I wrote this song at the end of 2014 after my dear friend, who I met through the first UndocuWriting Program and who I reconnected with through the Voices of the Nation Arts (VONA) workshops, Alexa Vazquez shared with us her grief at the death of her friend and hermana Zoraida Reyes. Zoraida was an activist, artist, and loving family member and friend. Her passing greatly impacted the undocumented community that both did and didn’t know her. I dedicated the release of this song at Incite Colors of Violence in March 2015 to her with partial proceeds for the release going to Incite.

I thank DC for his drums, Chris James for his strings (bass & guitar), Mo for his beat, and for all the queer and transcestors that were with me in creating and journeying with this music. May we honor feminine divine in your name and glory.

Coming Out as Undocumented, Queer/Pansexual, & Genderfluid/Transgender

In so many ways, I feel protective of my transisters/brothers/siblings because I am (re/un) learning how my gender and how much more fluid and changing it is. I felt defensive and hurt each time a trans death happened not just because these are my family, but because they are me and I am them.

While I feel no need to sound an alarm about it or to even bring a lot of attention to this post since centering Black voices and Black lives is what is most necessary at this time. I publish this blog and share this message because I believe that so much of the violence we are experiencing now has everything to do with patriarchy, oppressive religions/nations/militaries/ways of being backed by patriarchal pursuits, greed, methodology, and beliefs. We are living in such an insecure, petty, and unnecessary time full of indulgences and meaningless pursuits for material.

Transness, queerness and all that’s in between and beyond introduce and welcome us to a world that is beyond a love we can see. It is a sacred spiritual love of virtues, compassion, forgiveness, messiness, and transformation. It is one that takes its time and effort to communicate and co-create. I believe voicing and returning the power to our communities is part of this great change we are entering.

It’s wild because I keep having to come out in so many ways from undocumented, queer, to even Pacific Islander and Pilipinx because most people don’t seem to be able to tell “what” I am. I have always known and felt that about myself and I’ve been in these in-betweens, so it makes sense that I am just a blend of it all attracted and reflecting a blend of it all.

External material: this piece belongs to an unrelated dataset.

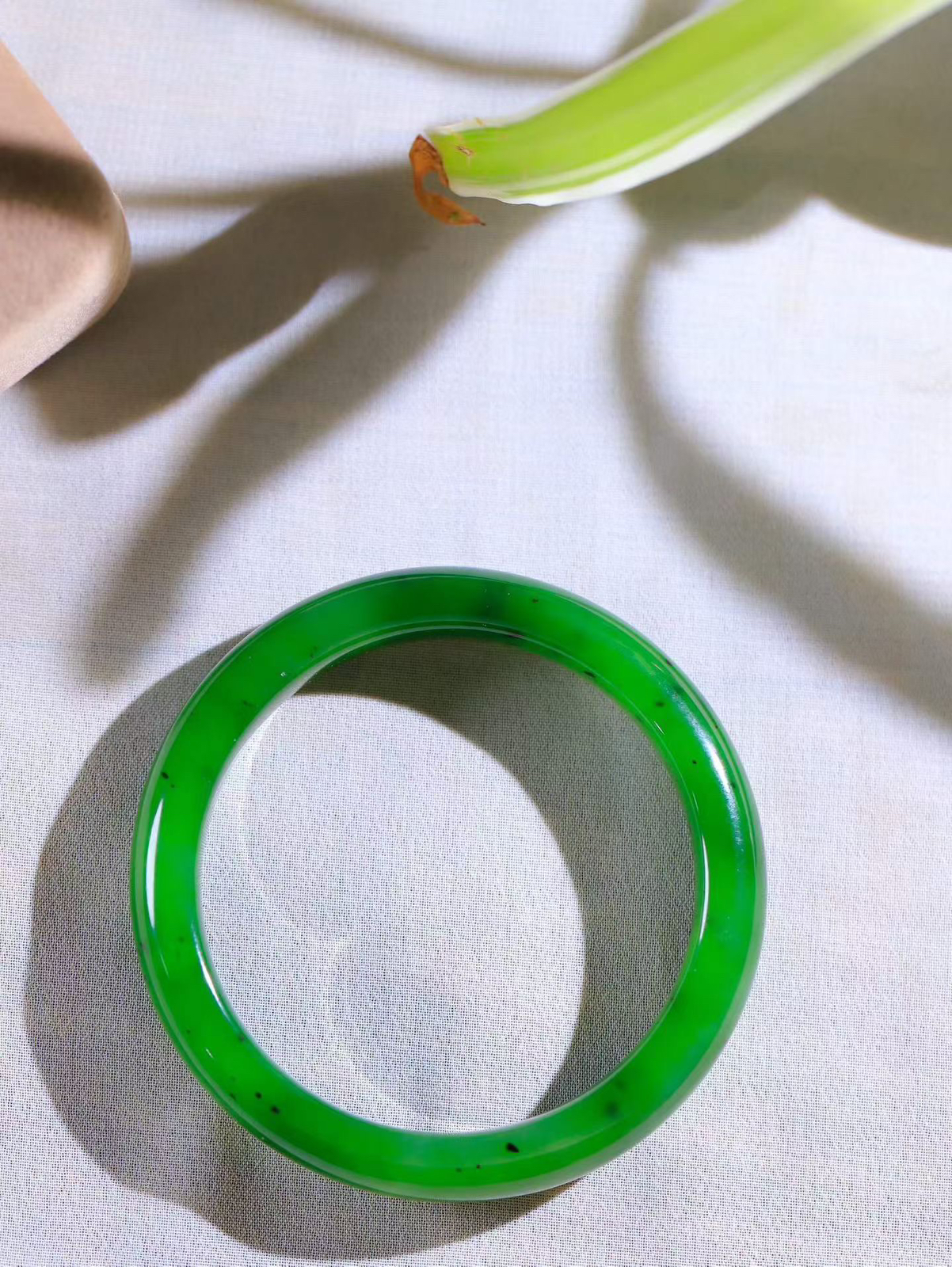 【悠悠芳华.镯】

Excerpt from the blog De Colores Review on the exhibit my friend Alexa Vazquez took me to on March 5, 2017 , “Storyteller and visual artist Sarah Rafael García offers six “Fairy Tales for Trust and Justice,” all of them set in Santa Ana, a city in southern California that borders “the happiest place on Earth.” But that place is “never happy” for the brown people who live and work there, who live in fear of the landlords, the police, and ICE. In the first story, “The Carousel’s Lullaby,” we see the stakes, as teenager Saul remembers the carousel where he reunited with his parents after their separate migrations across the border, where he and his younger brother spent so many joyful weekends until Señor Billy Spurgeon, the real estate developer, tore it down to make way for shops and restaurants for rich Anglos. One night, Saul sneaks out to hear the ghost of the carousel, and never comes home—one more unarmed person of color killed by police. 

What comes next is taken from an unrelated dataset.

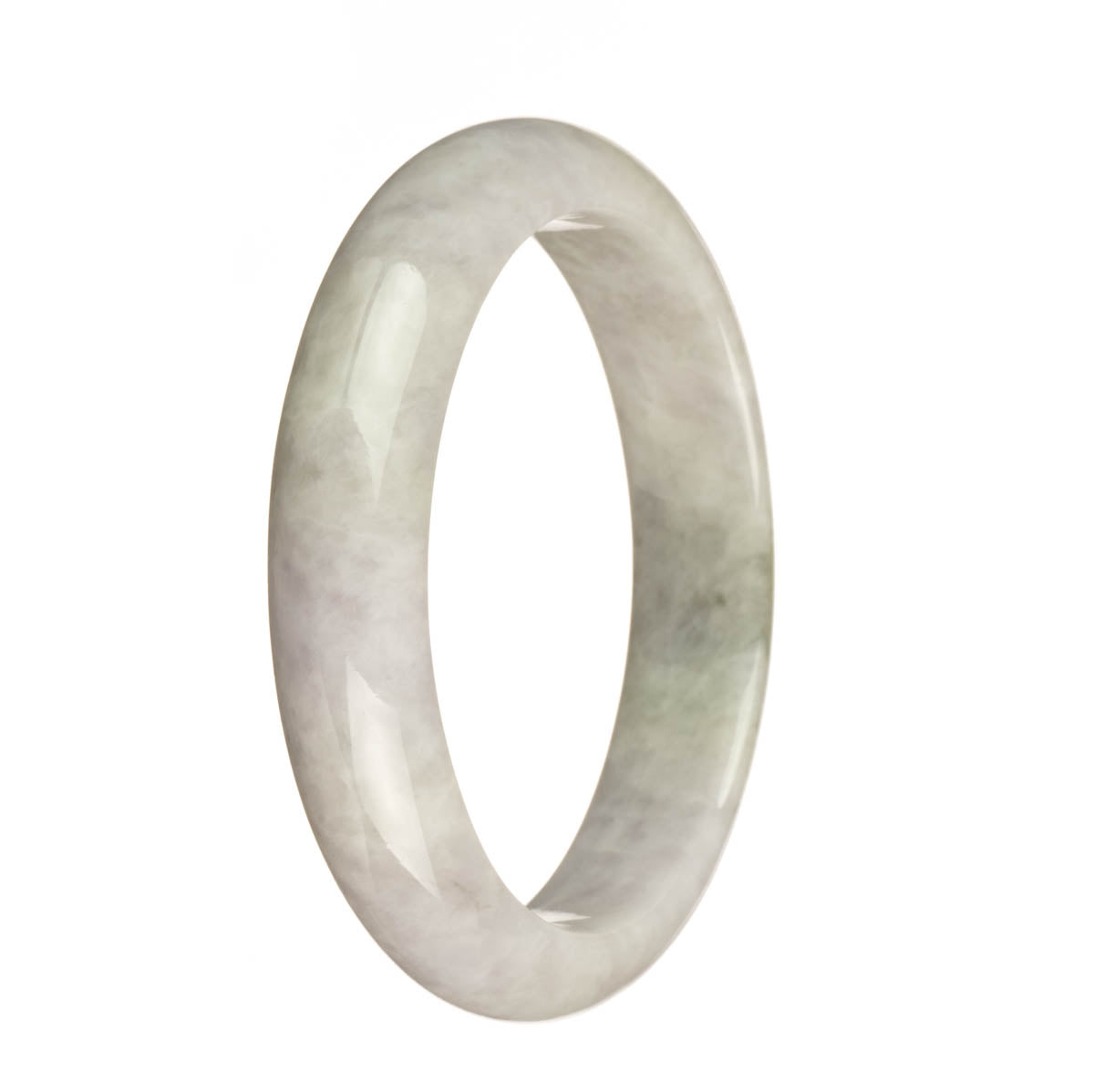 A beautiful traditional jade bangle in lavender and olive green colors, certified Grade A. The bangle is in a 62mm half moon shape and is made by MAYS.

In “Zoraida and Marisol,” perhaps the most heart-wrenching of an emotionally powerful collection, transwoman Zoraida remembers her struggle for survival and to be herself while trying from the next world to save her younger friend Marisol:

I am an enchanted woman named Zoraida.

But of course you already know my name. You knew me when I was alive.

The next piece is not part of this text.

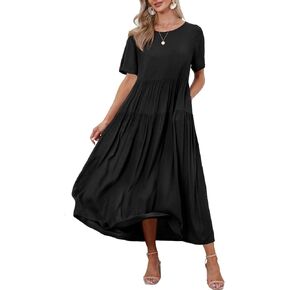 فستان YESNO نسائي فضفاض بوهيمي منقوش عليه زهور مع جيوب وأكمام قصيرة وطويلة للصيف فساتين سوينغ للشاطئ 3XL EJF الصلبة P أسود in Kuwait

In this life, I reign from far, far above the castles and queens. I travel by whispers, wished upon the North Star and hushed weeps. Just like you called upon me in midst of bloody murmurs, wishing for death to ease the pain. Some call me death, others the Godmother of life.

In my last life I too thought it was my fate to die as a woman on a night like tonight. But  death came just too soon, leaving me trapped between others’ lives and my own.”

Seeing Zoraida’s impact on the Santa Ana, Southern California, and Undocumented World & Universe, continues to inspire and deepen my fire for bridging communities and uplifting transness, queerness, and the expansive love that going against the grain of heteronormativity opens us up to.

To learn more about the lyric meanings enter this portal.

I pray that we rebalance the feminine divine line soon <3 I believe we will and I will offer of myself to ensure it.